DATA FOR THIS TASK:
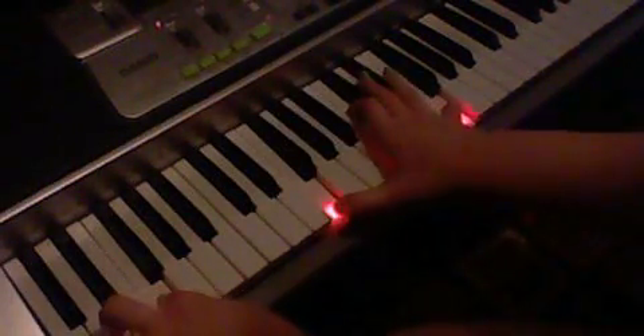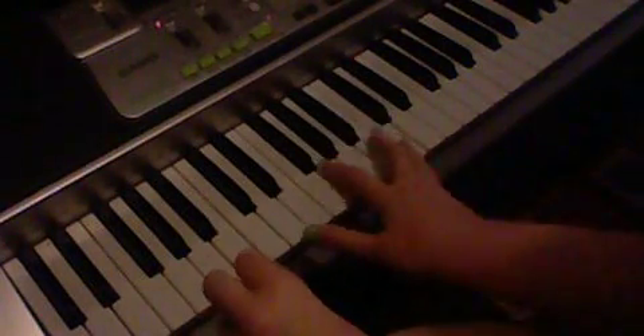And then we go into the chorus. 'Let the only sound' — and there is a left hand to these chords, but I've run out of keyboards. So if you have more keyboard than I do, play the bass notes. 'Lay me down, let the only sound, be the overflow.' And these chords are right, but you have to know exactly when to hit them or else it's not going to sound right.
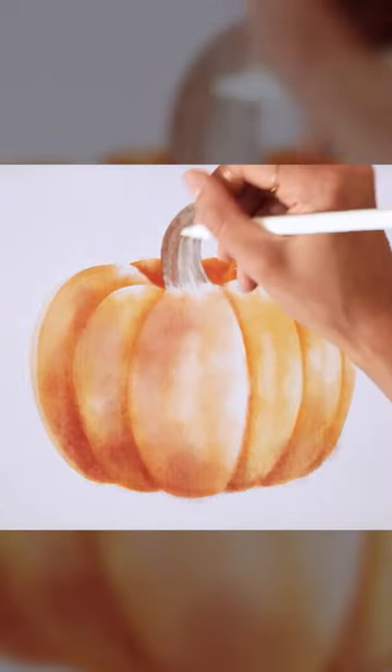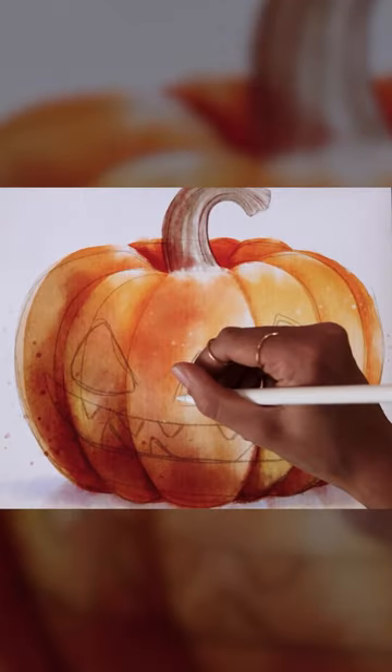Add shadows and color variation for optimal results, and finish up by carving your pumpkin.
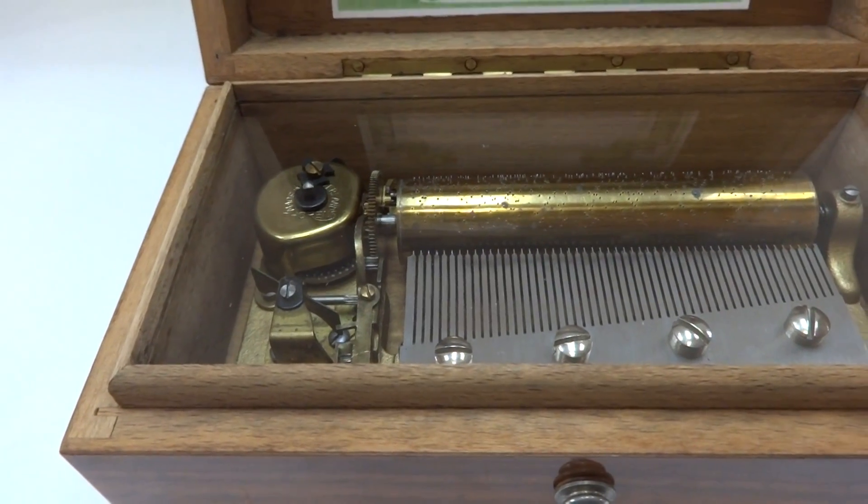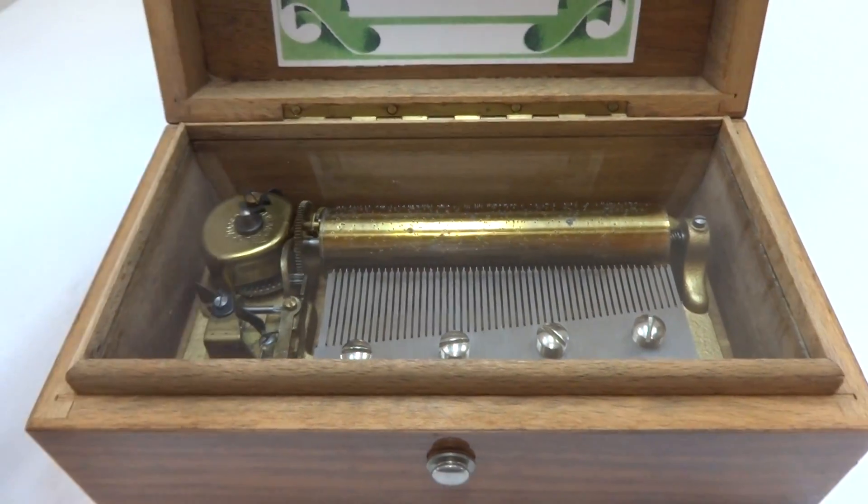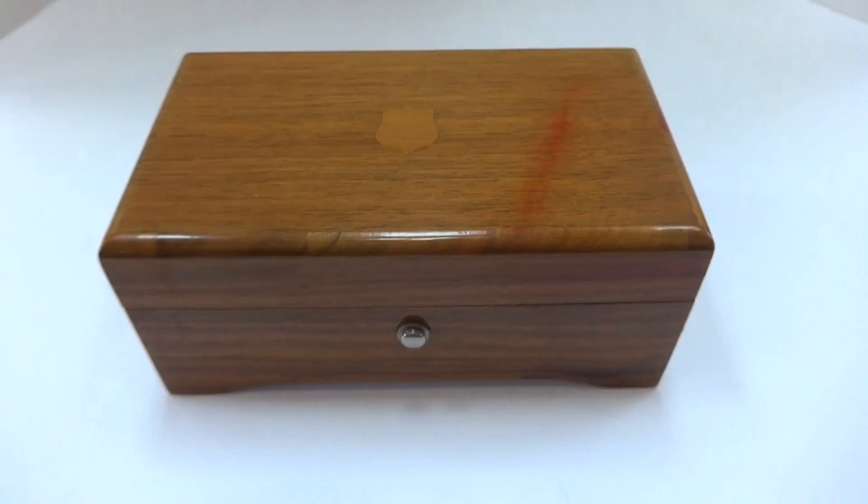And it turns off automatically as it should. Plays perfectly. Take care.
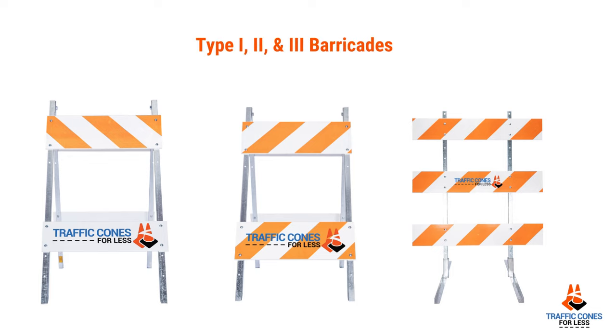Type 1, Type 2, Type 3 barricades come in all different styles of sheeting, from engineer grade all the way up to diamond grade.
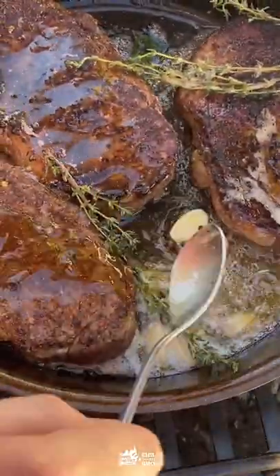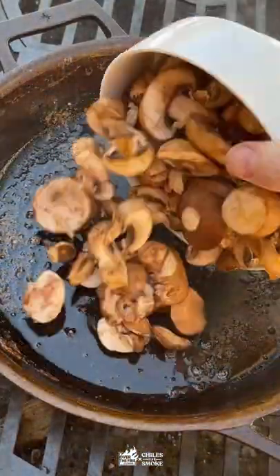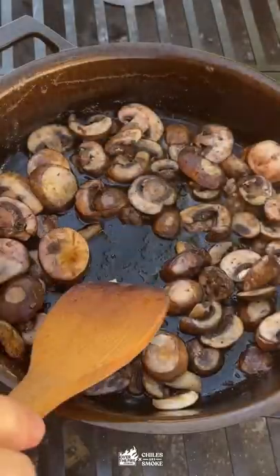Start basting. Let those steaks rest, pour over that delicious butter, and let's get on with the mushrooms. We're gonna sweat those mushrooms out just a little bit before we add the Worcestershire, the garlic.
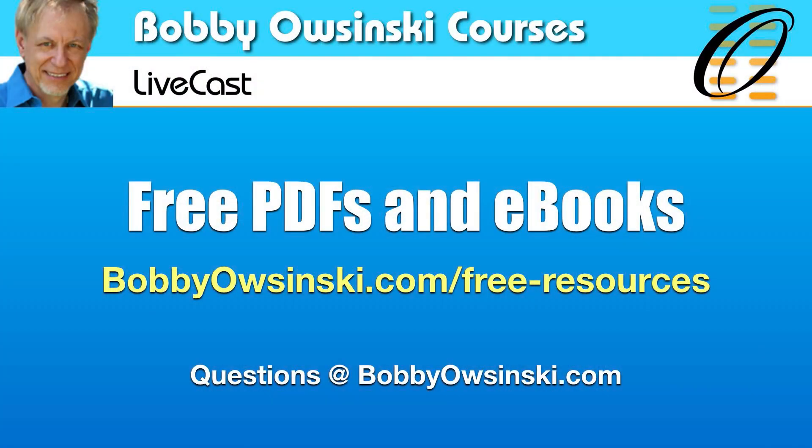Thanks so much everybody — it's been a good one. There's a bunch of free stuff available: e-books, PDFs on recording, mixing, and just about everything you can think of. Go to bobbyosinski.com, free resources. See you again probably in the new year. Hope you enjoyed it — take care.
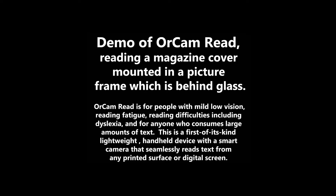This is a demo of OrCam Read reading a magazine cover mounted in a picture frame, which is behind glass. OrCam Read is for people with mild low vision, reading fatigue, reading difficulties including dyslexia, and for anyone who consumes large amounts of text. This is a first-of-its-kind, lightweight, handheld device with a smart camera that seamlessly reads text from any printed surface or digital screen.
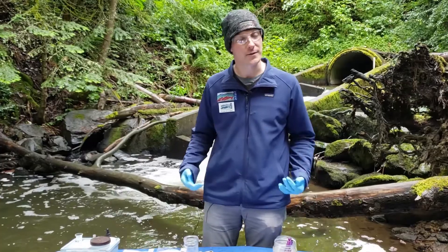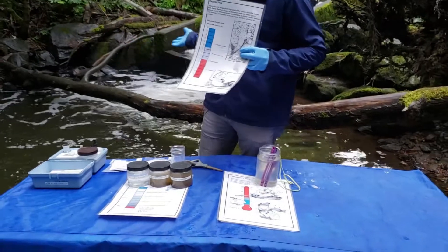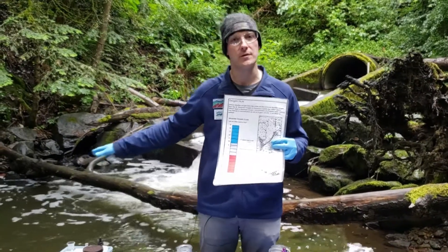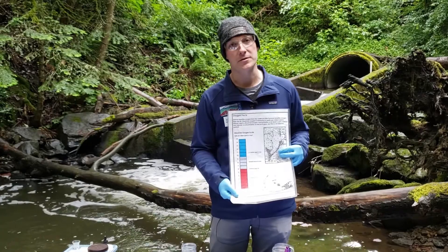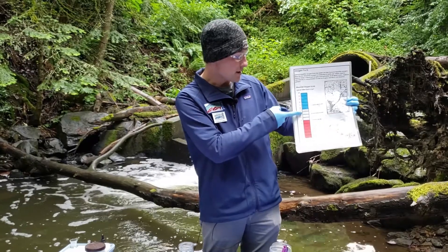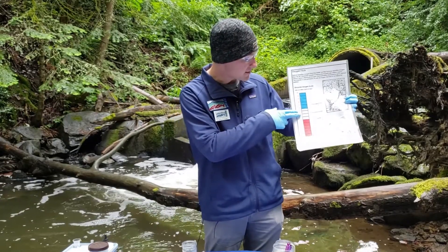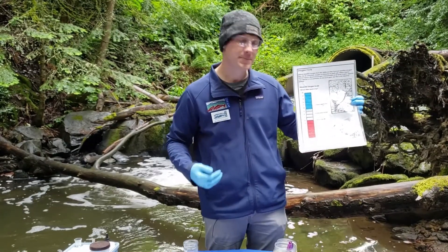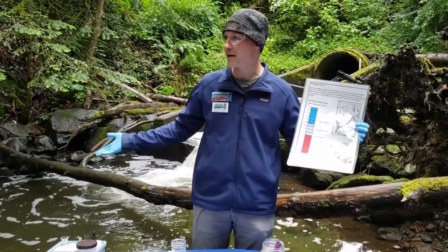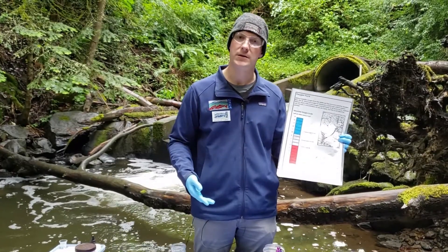The first test I'd like to start is the one that takes the longest, and that is dissolved oxygen. You may be able to see behind me there's a strong current, and that current is helping to mix the oxygen from the air into the water and be accessible for the salmon to breathe. If you look at this chart, salmon tend to prefer a high number of dissolved oxygen — about nine or above is considered excellent, six to nine fair, and below that is poor. Adult salmon and their eggs cannot survive in low oxygen environments. A creek like Padden Creek has a current versus a pond or stagnant water, which wouldn't have as much dissolved oxygen.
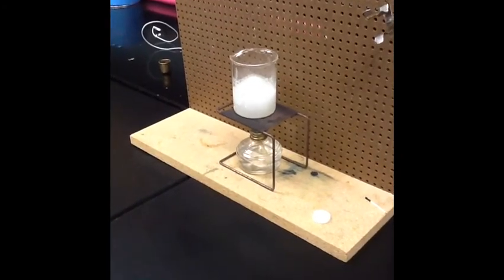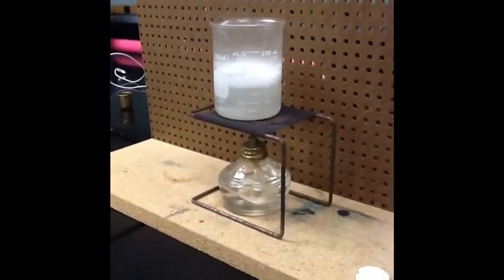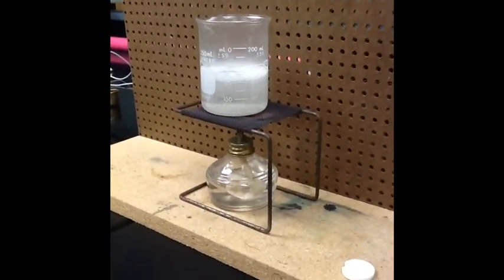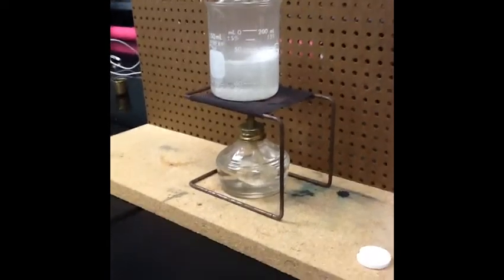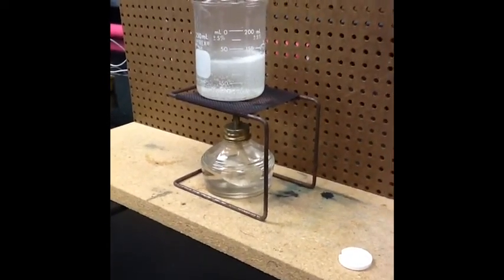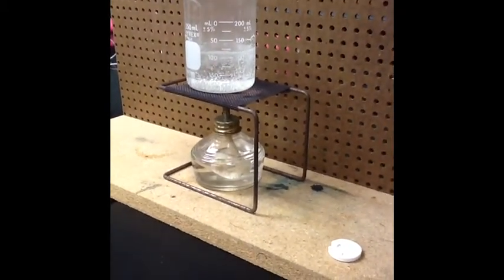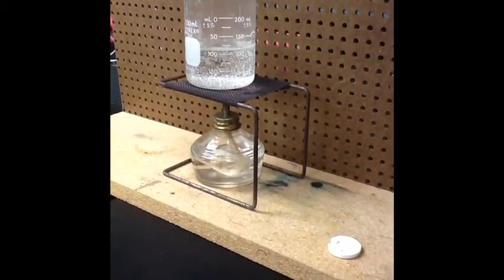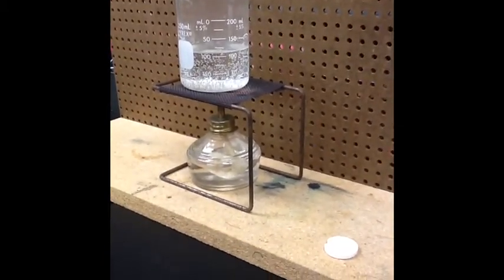Wow, that is a lot of bubbles — it's really bubbling. That bright white thing is the tablet, and it looks like there's lots of carbonic acid now in this water.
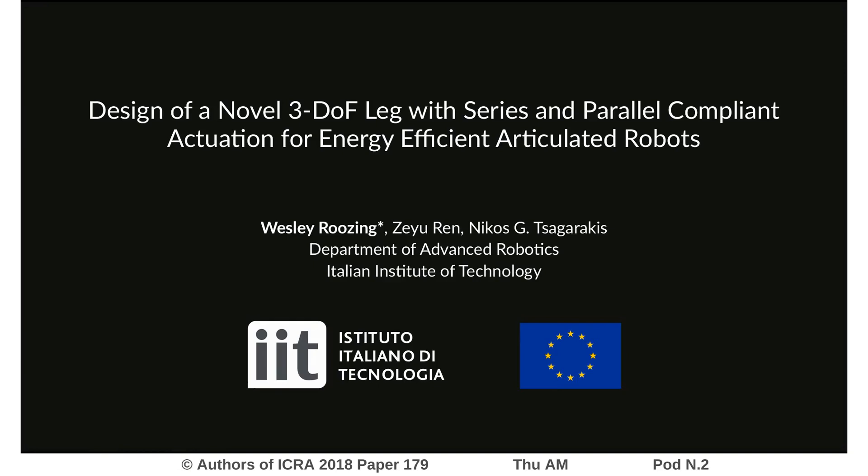Hi, my name is Wesley Rosing, and I'll be talking about the design of a new 3DW leg that we've developed that combines series and parallel compliant actuation to achieve energy-efficient articulated probots.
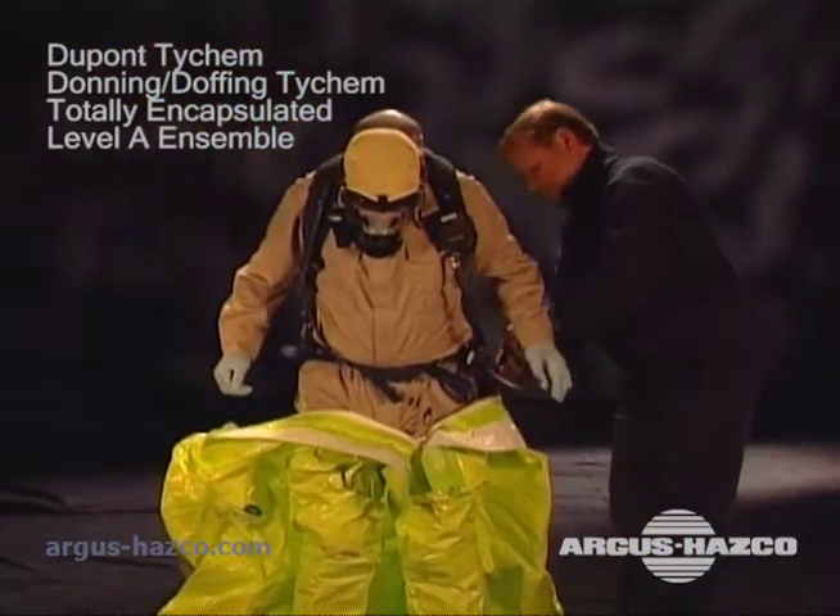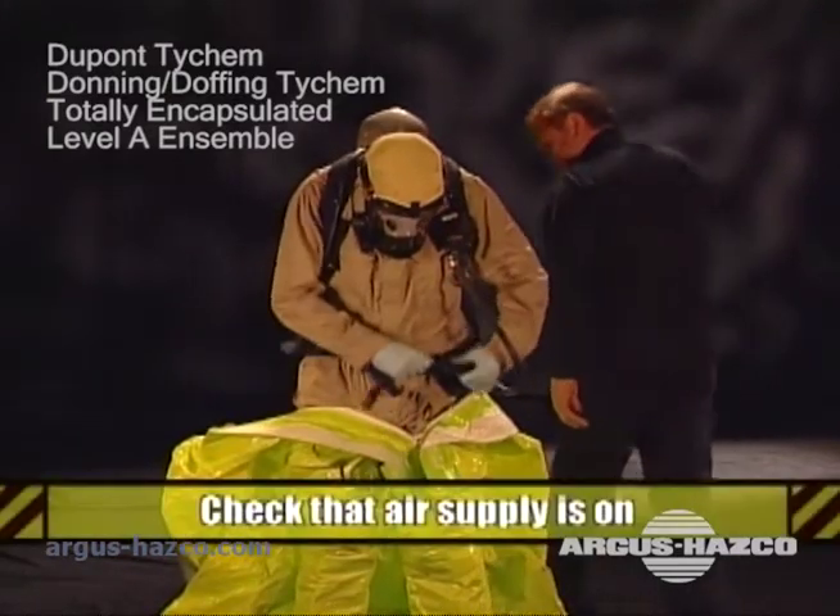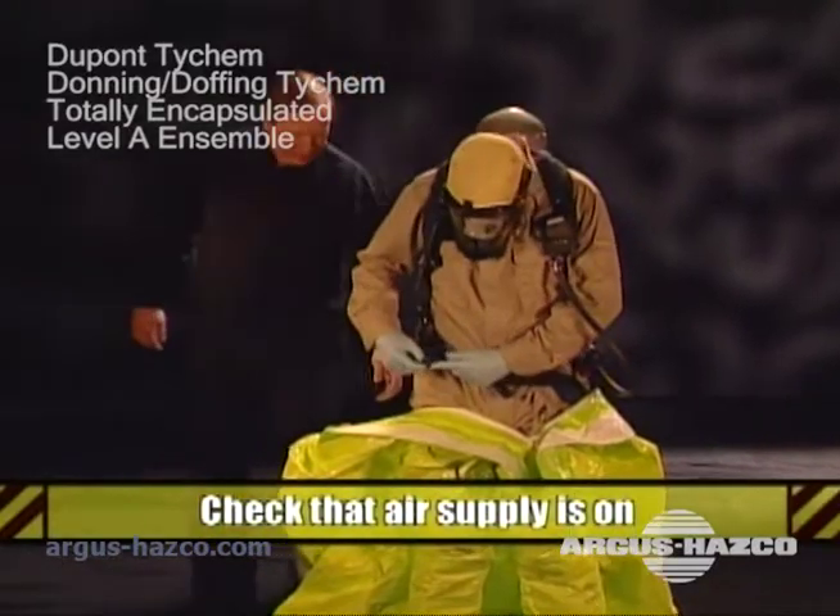Pull the suit up and hook the belt on the inside now. This belt will help support the weight of the suit. This is a good time for the assistant to check that the air supply is turned on.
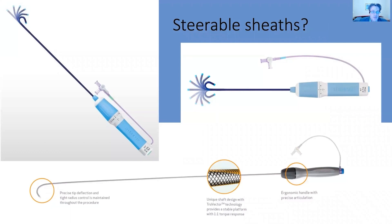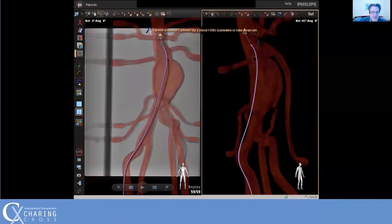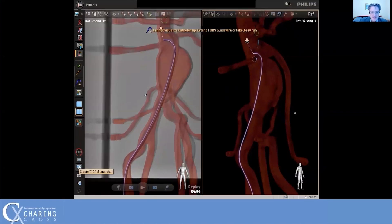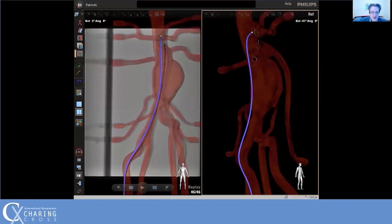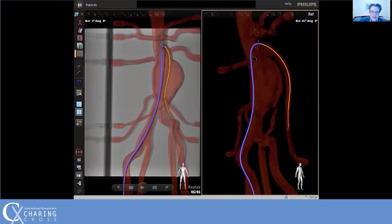Many of us now routinely use steerable sheaths for fenestrated and branched EVAR, so we wanted to see how user-friendly the FORCE 3D hub is with steerable sheaths. Here we cannulate the right renal, the most difficult vessel in this model, using the deflecting tip sheath with a comfy catheter placed at the tip of the sheath and then advanced the wire and catheter. We then cannulated the SMA in a similar fashion, followed by the left renal, hepatic, and splenic arteries, all of which were cannulated with relative ease.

WHAT NEEDS TO BE DONE: Return the complete data unchanged and include none of the pictures.

RESPONSE TO THIS EXERCISE:
And then we go into the chorus. 'Let the only sound' — and there is a left hand to these chords, but I've run out of keyboards. So if you have more keyboard than I do, play the bass notes. 'Lay me down, let the only sound, be the overflow.' And these chords are right, but you have to know exactly when to hit them or else it's not going to sound right.
Add shadows and color variation for optimal results, and finish up by carving your pumpkin.
And it turns off automatically as it should. Plays perfectly. Take care.
Type 1, Type 2, Type 3 barricades come in all different styles of sheeting, from engineer grade all the way up to diamond grade.
Start basting. Let those steaks rest, pour over that delicious butter, and let's get on with the mushrooms. We're gonna sweat those mushrooms out just a little bit before we add the Worcestershire, the garlic.
Thanks so much everybody — it's been a good one. There's a bunch of free stuff available: e-books, PDFs on recording, mixing, and just about everything you can think of. Go to bobbyosinski.com, free resources. See you again probably in the new year. Hope you enjoyed it — take care.
This is a demo of OrCam Read reading a magazine cover mounted in a picture frame, which is behind glass. OrCam Read is for people with mild low vision, reading fatigue, reading difficulties including dyslexia, and for anyone who consumes large amounts of text. This is a first-of-its-kind, lightweight, handheld device with a smart camera that seamlessly reads text from any printed surface or digital screen.
The first test I'd like to start is the one that takes the longest, and that is dissolved oxygen. You may be able to see behind me there's a strong current, and that current is helping to mix the oxygen from the air into the water and be accessible for the salmon to breathe. If you look at this chart, salmon tend to prefer a high number of dissolved oxygen — about nine or above is considered excellent, six to nine fair, and below that is poor. Adult salmon and their eggs cannot survive in low oxygen environments. A creek like Padden Creek has a current versus a pond or stagnant water, which wouldn't have as much dissolved oxygen.
Wow, that is a lot of bubbles — it's really bubbling. That bright white thing is the tablet, and it looks like there's lots of carbonic acid now in this water.
Hi, my name is Wesley Rosing, and I'll be talking about the design of a new 3DW leg that we've developed that combines series and parallel compliant actuation to achieve energy-efficient articulated probots.
Pull the suit up and hook the belt on the inside now. This belt will help support the weight of the suit. This is a good time for the assistant to check that the air supply is turned on.
Many of us now routinely use steerable sheaths for fenestrated and branched EVAR, so we wanted to see how user-friendly the FORCE 3D hub is with steerable sheaths. Here we cannulate the right renal, the most difficult vessel in this model, using the deflecting tip sheath with a comfy catheter placed at the tip of the sheath and then advanced the wire and catheter. We then cannulated the SMA in a similar fashion, followed by the left renal, hepatic, and splenic arteries, all of which were cannulated with relative ease.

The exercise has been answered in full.